Hosting services out of Woodman Chapel, formerly the Gardiner Country Chapel, 342 Guiles Road, The Gathering at Blyn, a non-denominational Christian church, led by the Rev. Howie Bennett, starts services at 10:30 a.m. Sunday, Feb. 2, and each Sunday afterward while Joshua Sylvester, messianic teacher/pastor, continues to lead services for Kehilat Shabbat, Hebrew for Sabbath Fellowship, each Saturday at 10:30 a.m.
Sylvester said the congregation of about 30 people is part of a worldwide movement of Jews and Gentiles recognizing Yeshua/ Jesus as the promised Messiah of Israel and all creation.
“Our hope is to serve our region in the likeness of Christ,” he said.
Kehilat Shabbat, Sylvester said, is a faith community stressing the first century context of the Messianic Gospel.
He moved with his family to Sequim after serving in Belfast, Maine, to follow a mission of Jesus’ word, he said.
“It became apparent our mission was here and not in Maine,” he said.
When Sylvester first began exploring his faith he found that in the 1960s there were many other messianic faith groups fitting a Jewish context into a faith in Jesus.
“Messianic services are distinctly Jewish in expression and include modern Christian and traditional Hebraic music, liturgy and dance,” he said. “Following God’s call to bring Torah to the Nations and the Messiah of Israel to the Jewish people we become as one new man. Celebrating Yeshua/ Jesus in the biblical feasts and festivals like Passover and Yom Kippur preserves the biblical context of our faith.”
Sylvester has been a pastor for 10 years and said the congregation is looking to work with other Christian/ Messianic groups in the area.
The Gathering at Blyn
Branded as the church “where tradition and substance meet,” the Rev. Howie Bennett moved to the area with his wife, Karen, from Florida last spring.
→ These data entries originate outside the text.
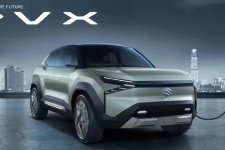 Phác họa mẫu SUV điện sắp ra mắt của Suzuki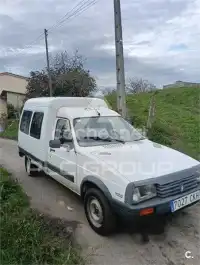 1998 Citroen C15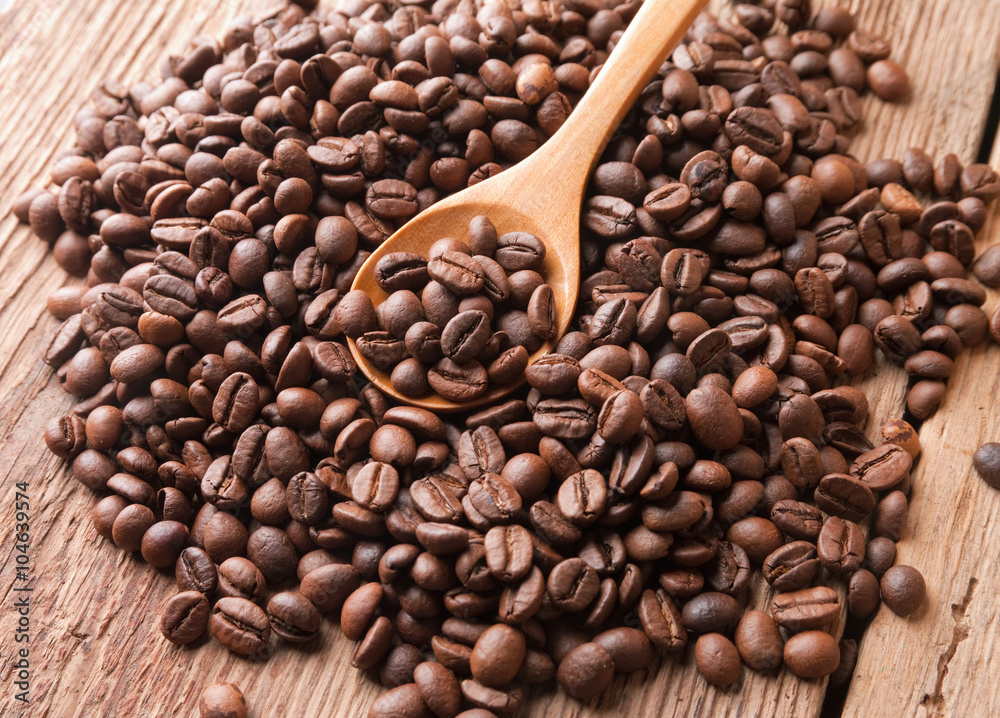 Fototapeta premium Coffee beans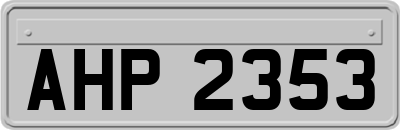 AHP2353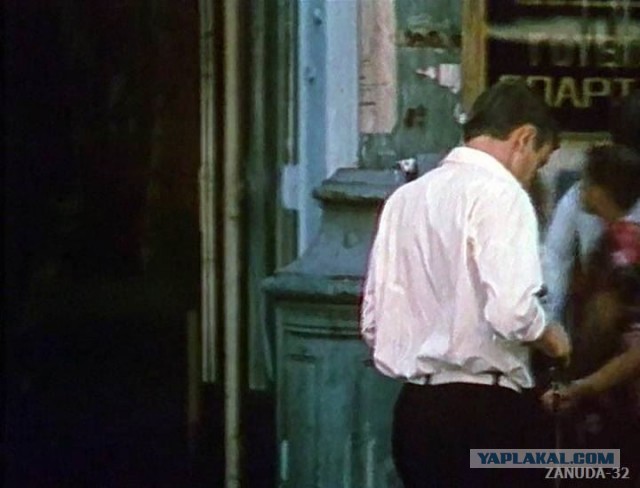 Поезд вне расписания (1985) фильм-катастрофа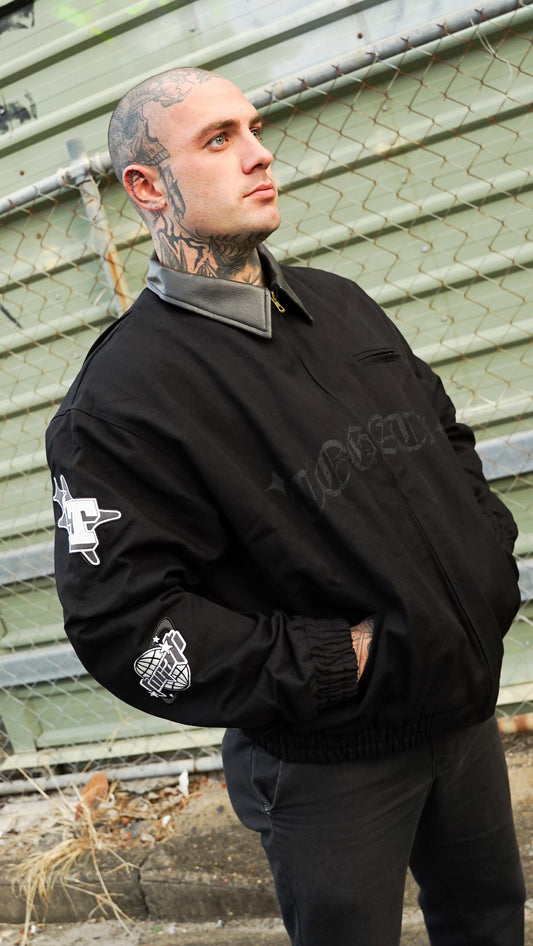 Spring bomber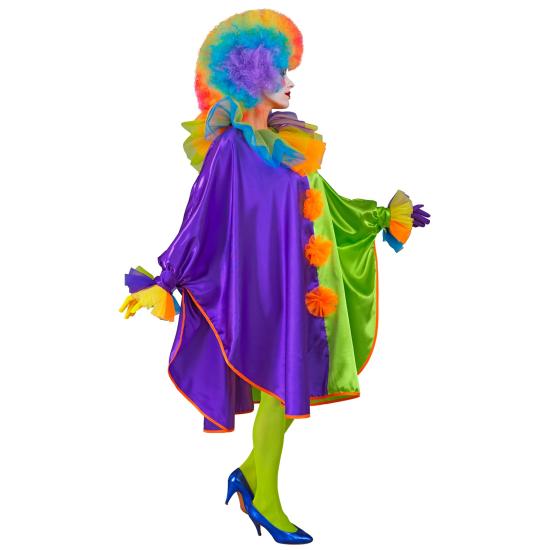 Fantasia de Palhaço Engraçado para Adultos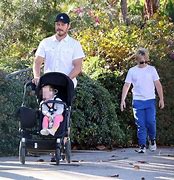 Image result for Image of Chris Pratt with His Daughters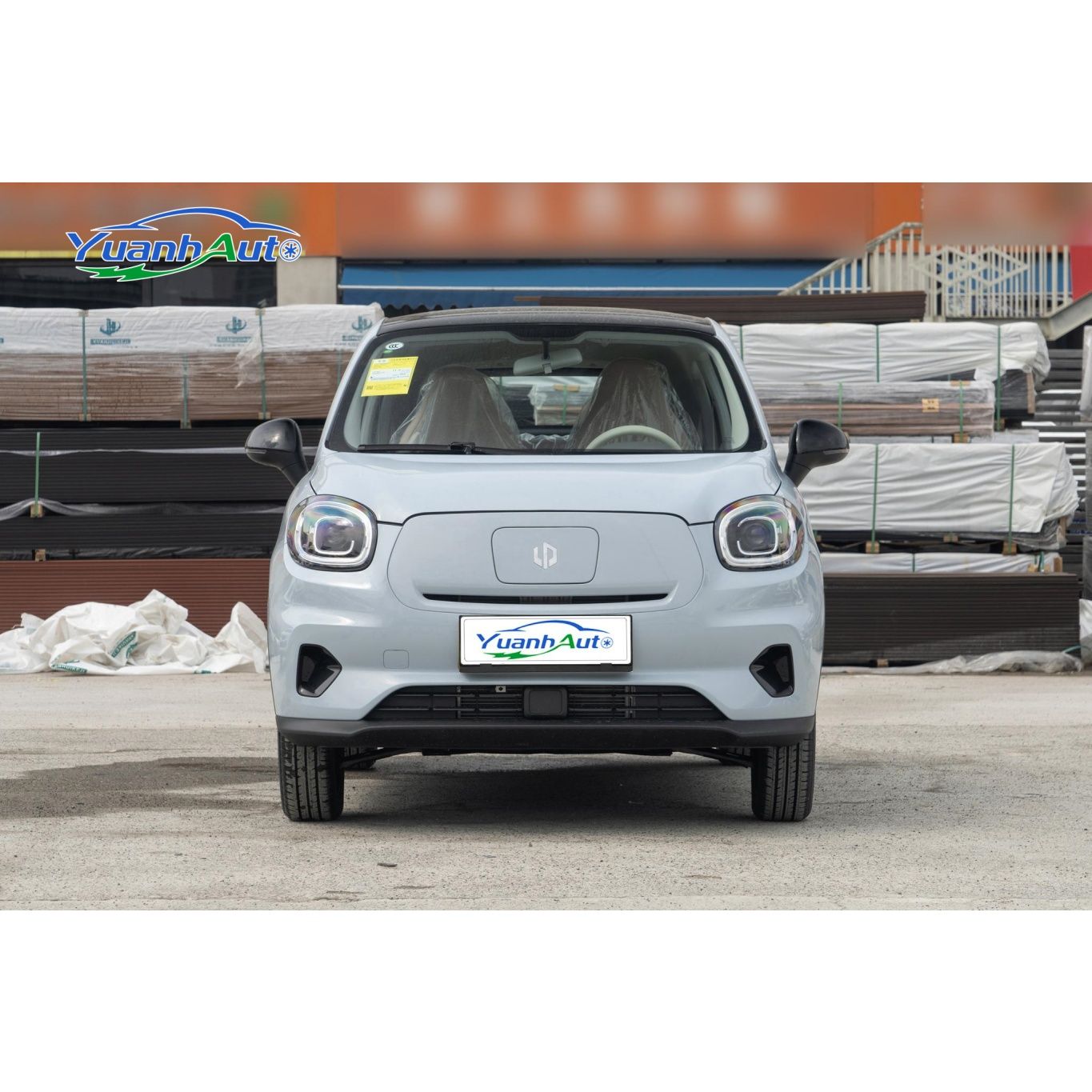 Leapmotor T03 vehicle photo 1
“I wanted to go to Costa Rica but felt God’s calling here,” Bennett joked. “But we knew with coming here, we’d start a church from scratch.”
They’ll begin services on Feb. 2 as a non-denominational Christian church with leanings toward what Bennett said are classic pentecostal and theologically conservative.
“I’m a meat and potatoes pastor,” he said. “Bottom line, our goal is to meet people and connect them with God.”
Bennett holds a B.S. in Biblical Studies from Valley Forge Christian College and an M.A. in Pastoral Counseling & Psychology from Ashland Theological Seminary in Akron, Ohio.
He’s served in several faith-based positions including starting a church in 1985 in Virginia Beach, Virginia, and as a counselor in suicide prevention and with teens.
He’ll continue to offer a mobile pastoral counseling for free to those in need.
Bennett is ordained in the The Full Gospel Fellowship of Churches and Ministers International.
“Not every one is searching for God,” Bennett said. “When we meet someone who is hungry spiritually and their need is met, they will tell others. That is our simple philosophy of ministry.”